Transcribe the lines below verbatim, skipping the images.

Pictures with short captions:
━━━━
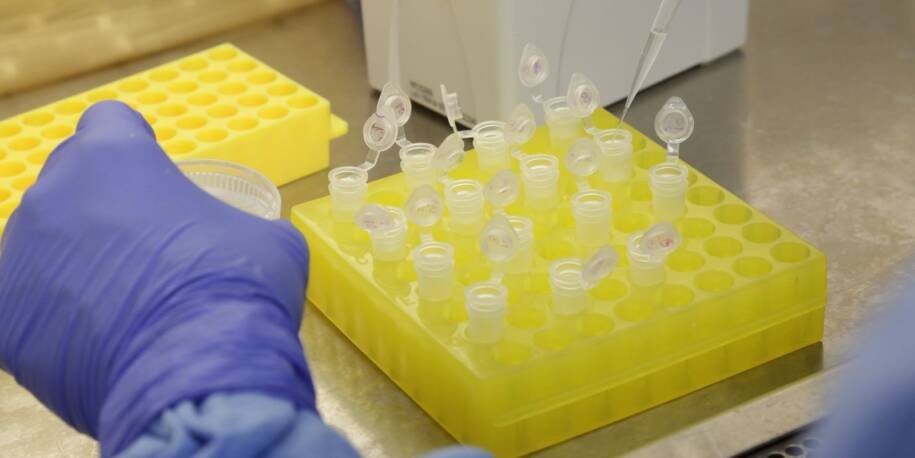 São Paulo confirma segundo caso importado de sarampo em 2026 e gera preocupação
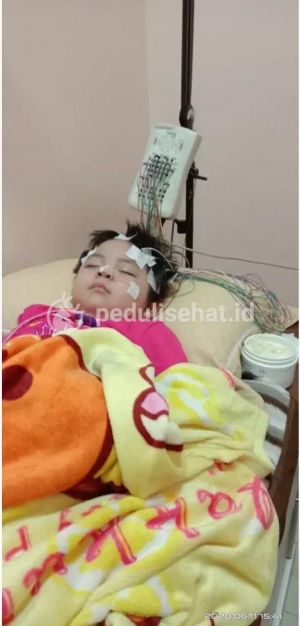 Tak Miliki Biaya, Alisha Anak Penderita Radang Otak Butuh Uluran Tangan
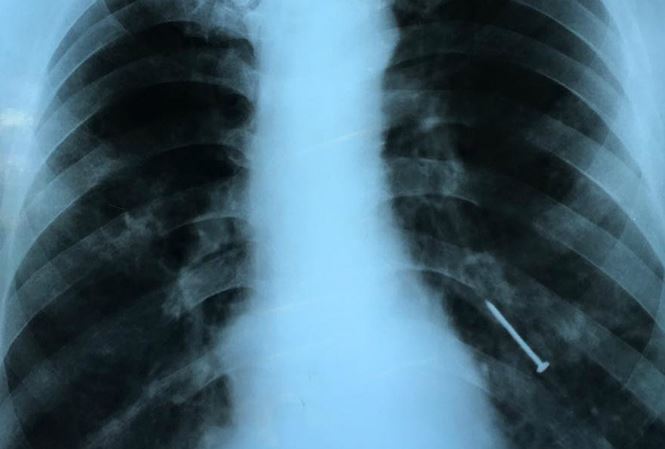 Người đàn ông bất ngờ bị đinh văng qua miệng xuống phổi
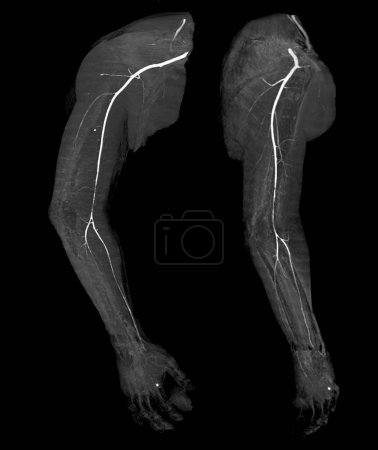 Foto de TAC de arteria braquial o tomografía computarizada de la extremidad superior Imagen de representación 3D . - Imagen libre de derechos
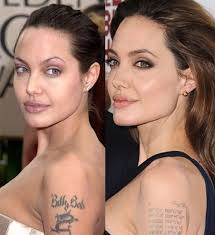 Has Angelina Jolie Gotten Plastic Surgery Angelina Jolie Plastic Surgery 2013 Before And Angelina Jolie Plastic Surgery Angelina Jolie Nose Job Face Fillers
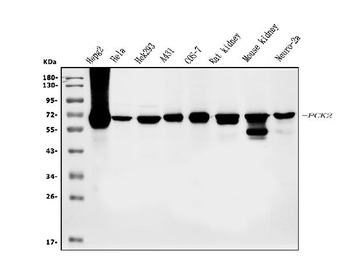 PCK2 Mouse Monoclonal Antibody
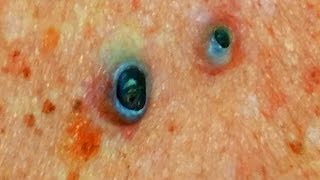 Best Dilated Pore of Winer  Greatest Blackheads [upl. by Hewet]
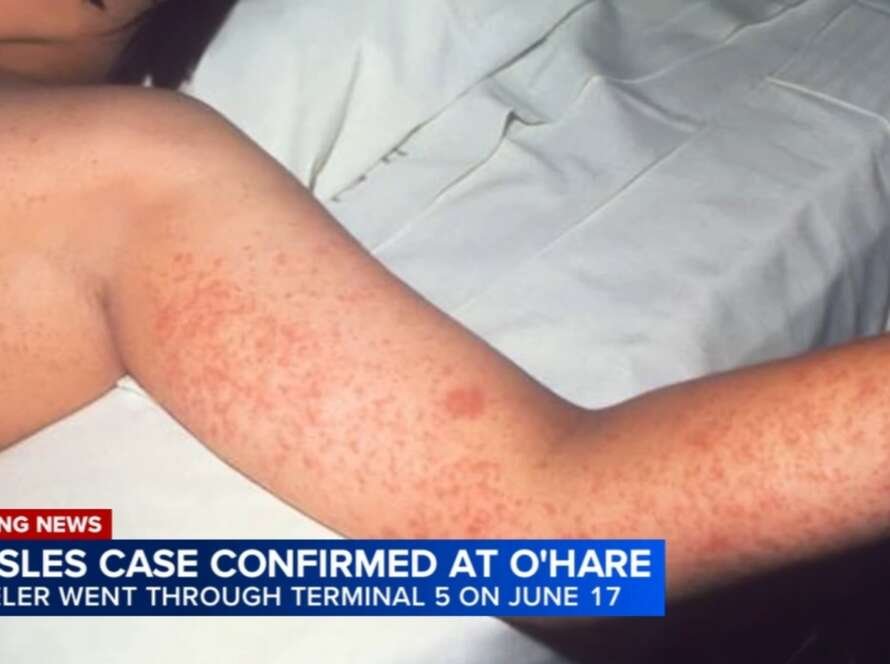 19366197 062326 wls ohare measles case 6pvo vid.jpg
━━━━
Result of the task:
 São Paulo confirma segundo caso importado de sarampo em 2026 e gera preocupação
 Tak Miliki Biaya, Alisha Anak Penderita Radang Otak Butuh Uluran Tangan
 Người đàn ông bất ngờ bị đinh văng qua miệng xuống phổi
 Foto de TAC de arteria braquial o tomografía computarizada de la extremidad superior Imagen de representación 3D . - Imagen libre de derechos
 Has Angelina Jolie Gotten Plastic Surgery Angelina Jolie Plastic Surgery 2013 Before And Angelina Jolie Plastic Surgery Angelina Jolie Nose Job Face Fillers
 PCK2 Mouse Monoclonal Antibody
 Best Dilated Pore of Winer  Greatest Blackheads [upl. by Hewet]
 19366197 062326 wls ohare measles case 6pvo vid.jpg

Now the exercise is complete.